Because You Demanded It
Mortal ★★★★★
Written by Marissa Burgess in Fest on August 13th, 2016
Given the stressful nature of the current political climate, Bridget Christie has ditched the politics and the feminism, so Mortal is to be an hour about gardening. Her garden is where she feels safe, a lovely place of calm. But what’s that? Is there a nasty invasive plant coming to try and strangle her pretty flowers? Perhaps a Virginia creeper? It probably voted to leave the EU too. Yeah, maybe this is a show about Brexit after all.
This is a sublime hour, particularly considering that the vast majority of it would have been written in little more than a month. You can imagine Christie spending much of July stabbing angrily at a bit of paper with her biro. And what a show it is: impassioned, moving and of course extremely funny.

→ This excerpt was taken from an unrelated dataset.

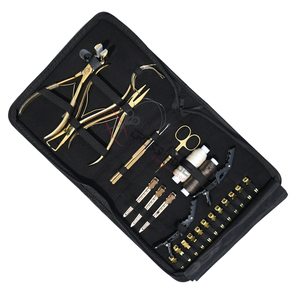 High Quality Gold Salon Hair Extension Tool Kit with Flat Crimping Plier <b>Tape</b> In Plier Bead Remover Tool <b>Hook</b> <b>Loop</b> Wig Threads - Product Image 1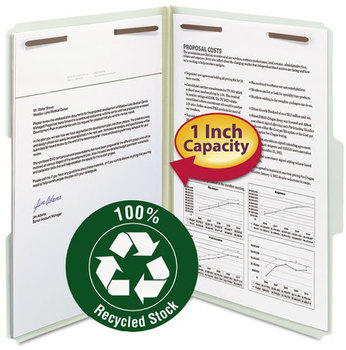 Smead™ 100% Recycled Pressboard Fastener Folders 1" Expansion, 2 Fasteners, Legal Size, Gray-Green Exterior, 25/Box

Christie opens with a brilliant metaphor explaining that a South American fuchsia doesn’t take up soil that the other, English, plants need. And so begins the Brexit anger as it creeps into Christie’s garden. There are fantastic analogies throughout including comparing the country’s split opinion on Farage to that of the black and blue/white and gold dress picture that did the rounds on the internet. The inventive surrealism of Christie’s earlier work is echoed here too, at one point even found in a true story – the gullibility of the Daily Mail reader is evidenced in the fact that the paper used a picture of Christie dressed as Charles II to illustrate a story in part about the restoration monarch.
Christie occasionally retreats to the safety and zen of her scented garden, only for incredulity to intervene again, hitting a peak when mentioning the appointment of Boris Johnson as foreign secretary.
Yet Mortal also has its poignant moments, pausing to consider what Brexit truly means. Even when she’s being jokingly brutal about telling her children how it will affect their future, it has an underlying melancholy. But it’s especially in evidence when talking about her own immigrant Irish parents’ experience when they moved to England.